Kolumne: Der Ökonom Italiens Stärke - der industrielle Mittelstand

Italien trotzt der schweren Krise - vor allem durch seine erfolgreichen mittelständischen Industrieunternehmen. Die brauchen jetzt mehr denn je stabile Rahmenbedingungen.

Die Wirtschaft in Italien hat noch immer nicht den Stand erreicht, den das Land vor der großen Finanz- und Schuldenkrise hatte. Und schon damals stagnierte die Entwicklung. Das sind schlechte Aussichten für ein Land, das sich einst beim Pro-Kopf-Einkommen und Vermögen bis an Deutschland herangearbeitet hatte und dessen nördliche Provinzen es gut mit der Schweiz, Österreich, Bayern und Baden-Württemberg aufnehmen konnten.

Auch in jüngster Zeit kommen vor allem schlechte Nachrichten vom Stiefel. Gut ein Sechstel der Bankkredite des Landes ist notleidend, erst kürzlich musste der Staat mit 17 Milliarden Euro einspringen, um zwei Regionalbanken aus der Region Venetien zu retten.

Doch man sollte über diese Nachrichten nicht vergessen, dass Italien fundamental eine gesunde Wirtschaft hat - zumindest im nördlichen Teil. Dort existieren die großen Cluster, in denen viele Mittelständler oft nur ein Produkt herstellen und teils in Konkurrenz, teils in Kooperation weltweit exportieren. Also genau das, was man vom deutschen oder Schweizer Mittelstand kennt.

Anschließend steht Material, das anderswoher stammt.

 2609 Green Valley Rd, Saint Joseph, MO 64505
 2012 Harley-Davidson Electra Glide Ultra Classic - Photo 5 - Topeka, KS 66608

Da Reisen bekanntlich bildet, ist mir beim jüngsten Urlaubstrip in Friaul-Julisch Venetien aufgefallen, dass dort in der Nähe von Udine die italienische Stuhl-Industrie beheimatet ist. Ein Drittel aller weltweit produzierten Stühle stammte einst aus dem berühmten Stuhl-Dreieck zwischen den Städtchen Manzano, San Giovanni al Natisone und Como di Rosazzo. Jetzt sind es weniger, aber immer noch die meisten aus einer Region. Der Sitzgeräte-Hersteller Calligaris, der dort mit der größten Fabrik vertreten ist, fällt besonder auf. Hochmoderne Fertigung, bestechendes Design, Online-Lieferung. "Herr Calligaris arbeitet Tag und Nacht", versichert eine freundliche Innenarchitektin, die dort seit Jahren als Kundenberaterin angestellt ist, mit treuherzigem Augenaufschlag. Nur diesen Unternehmen verdankt Italien seinen Reichtum. Damit die Wirtschaft wieder in Schwung kommt, braucht dieser Unternehmergeist verlässliche stabile Rahmenbedingungen.